┌────────

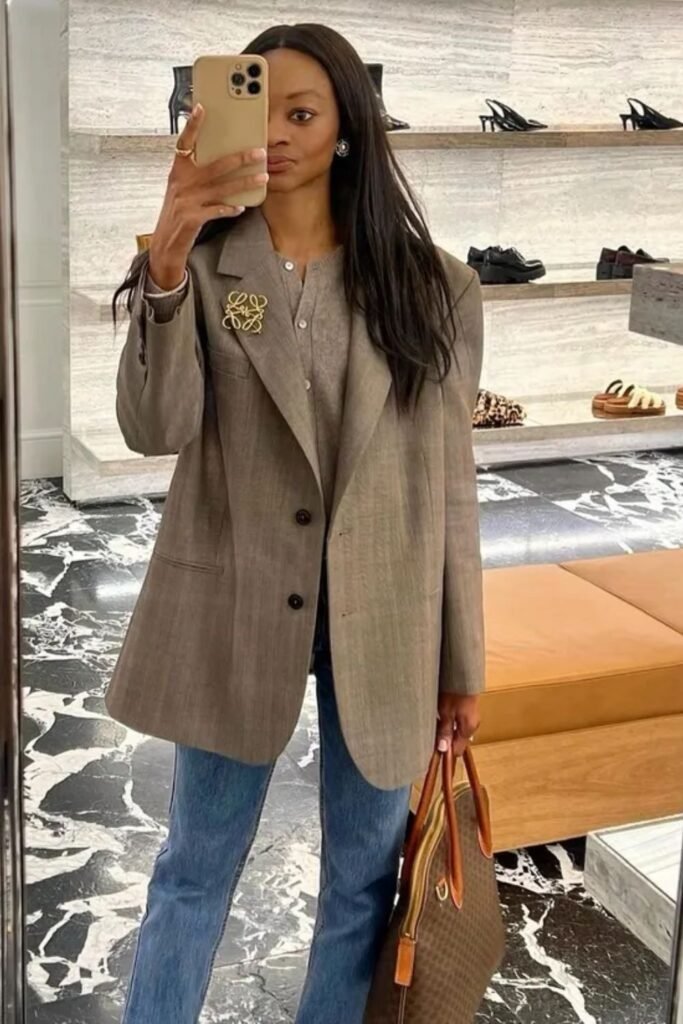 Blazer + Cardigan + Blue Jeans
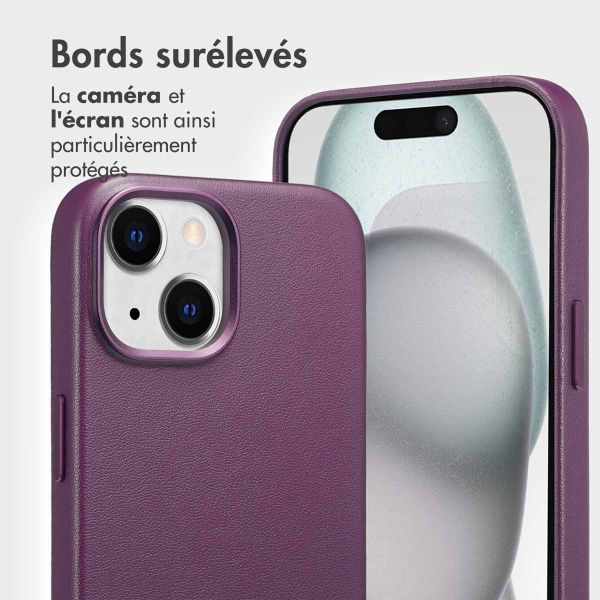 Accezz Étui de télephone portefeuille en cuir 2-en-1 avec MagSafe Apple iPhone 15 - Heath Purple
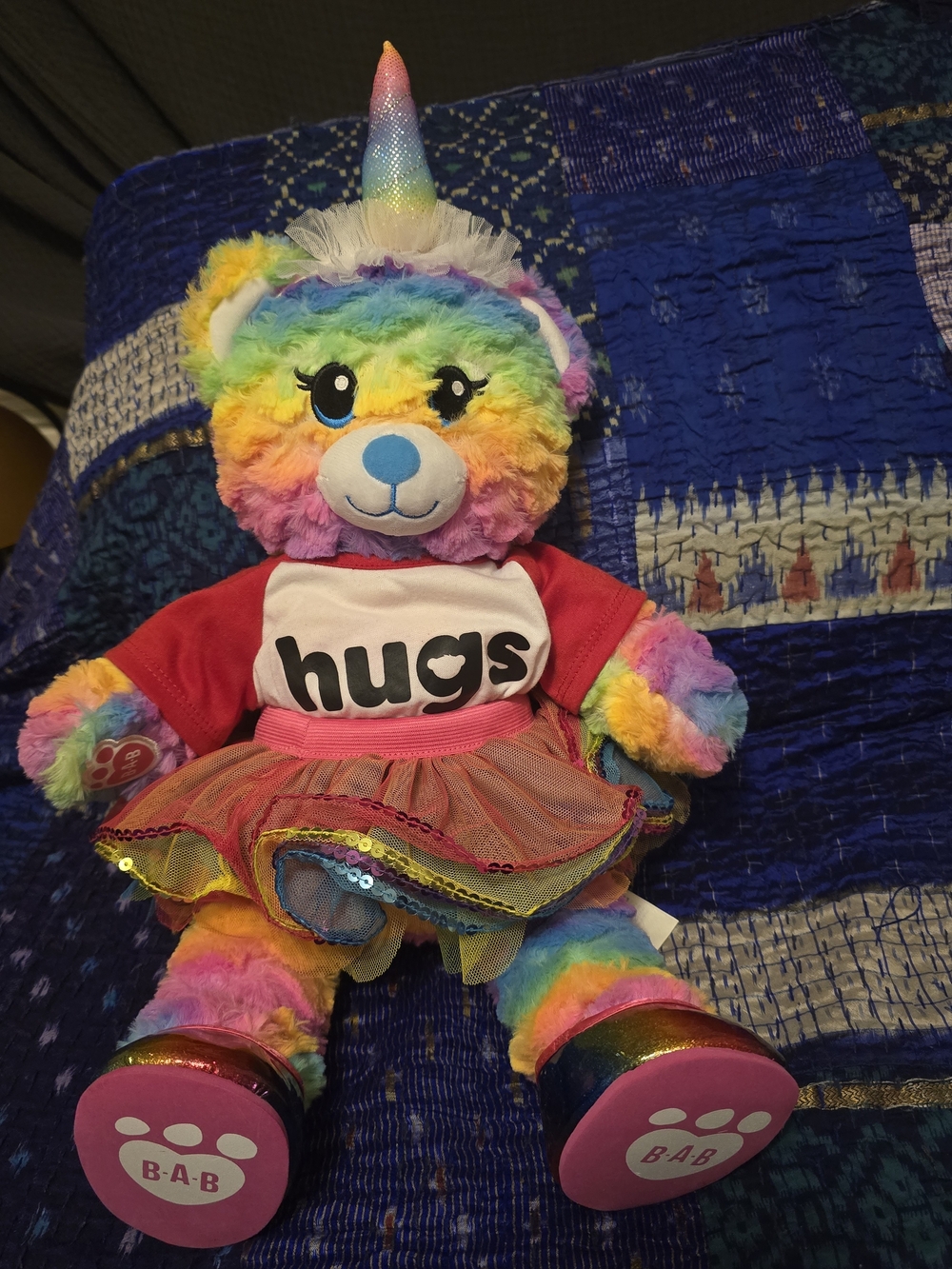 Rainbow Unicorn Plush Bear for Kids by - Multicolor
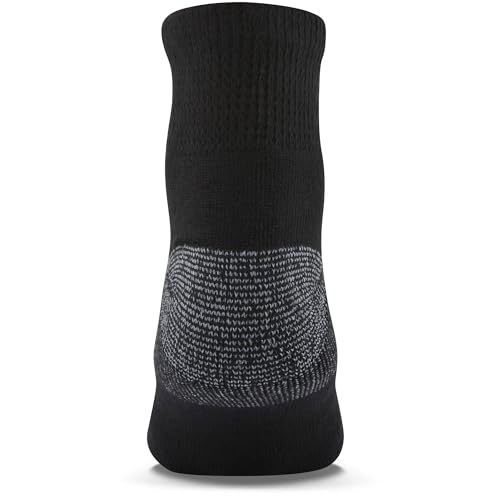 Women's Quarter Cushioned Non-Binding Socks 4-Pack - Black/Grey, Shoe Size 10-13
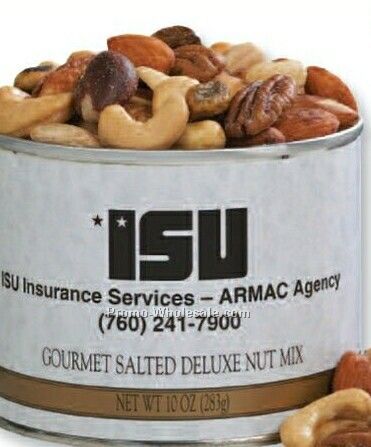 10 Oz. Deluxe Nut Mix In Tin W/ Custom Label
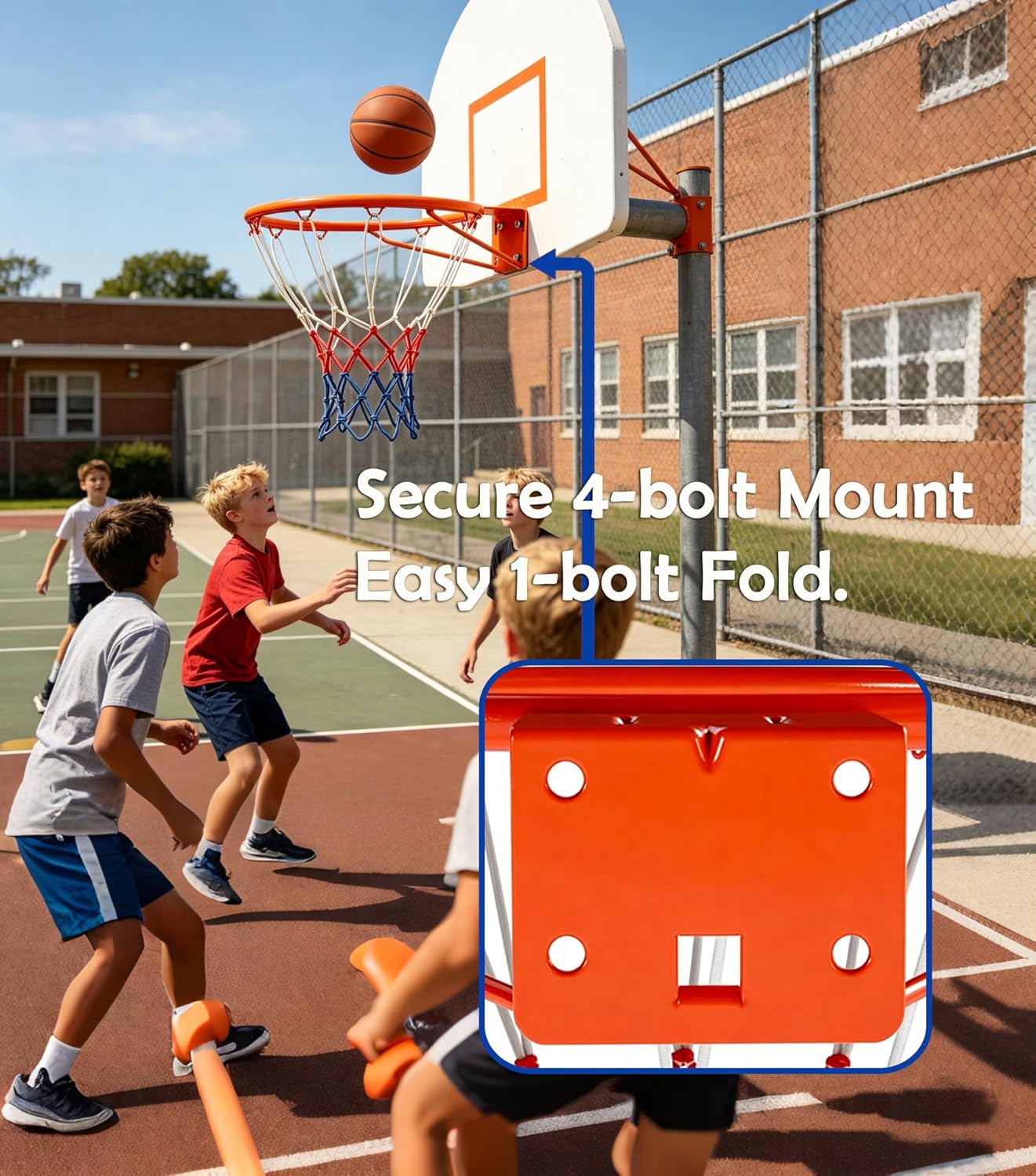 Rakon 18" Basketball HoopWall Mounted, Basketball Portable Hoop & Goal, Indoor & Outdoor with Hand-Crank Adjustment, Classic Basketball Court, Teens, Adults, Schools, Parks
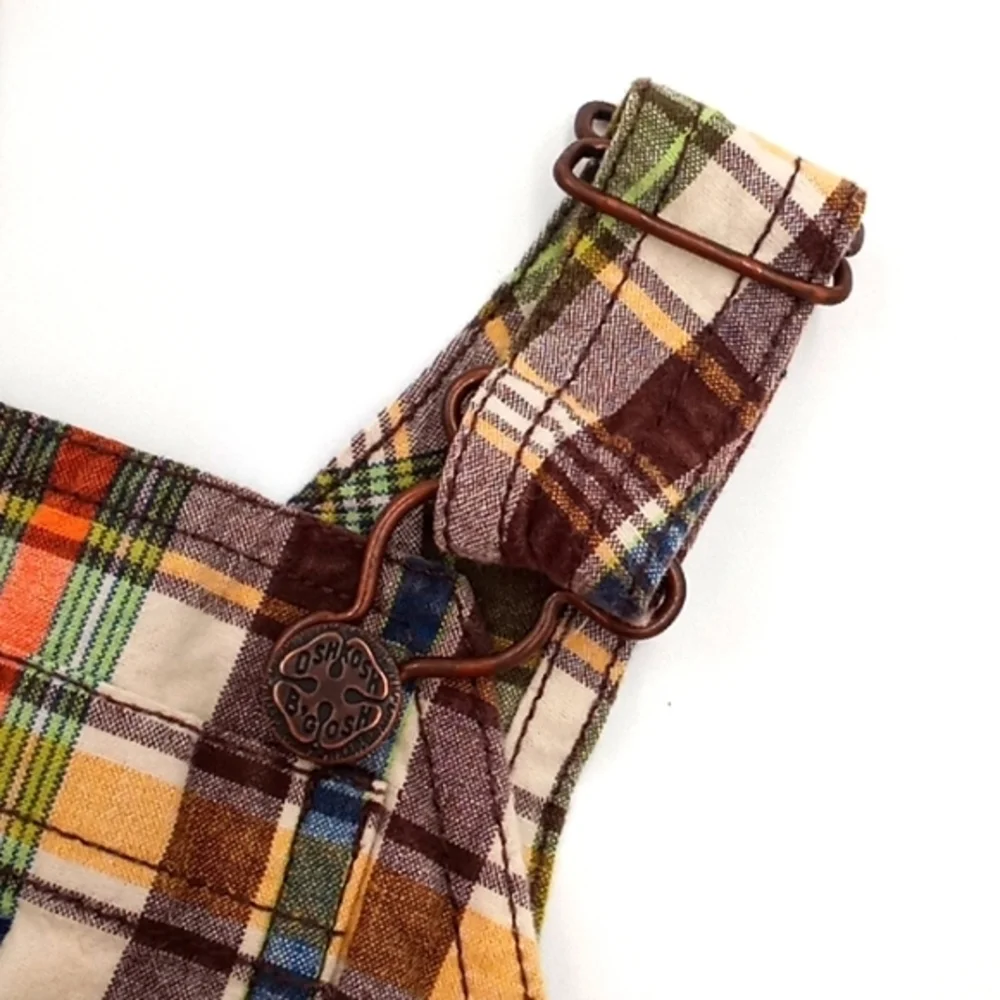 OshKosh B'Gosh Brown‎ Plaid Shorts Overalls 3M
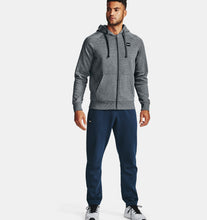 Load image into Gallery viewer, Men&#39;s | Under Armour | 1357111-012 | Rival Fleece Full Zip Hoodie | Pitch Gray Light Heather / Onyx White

└────────

▸ **Task details**: Repeat exactly the lines above, from the line that contains "Women's Quarter Cushioned" down through the line that contains "OshKosh B'Gosh Brown‎". Include both of those lines and none of the pictures.

▸ **Task answer**:
 Women's Quarter Cushioned Non-Binding Socks 4-Pack - Black/Grey, Shoe Size 10-13
 10 Oz. Deluxe Nut Mix In Tin W/ Custom Label
 Rakon 18" Basketball HoopWall Mounted, Basketball Portable Hoop & Goal, Indoor & Outdoor with Hand-Crank Adjustment, Classic Basketball Court, Teens, Adults, Schools, Parks
 OshKosh B'Gosh Brown‎ Plaid Shorts Overalls 3M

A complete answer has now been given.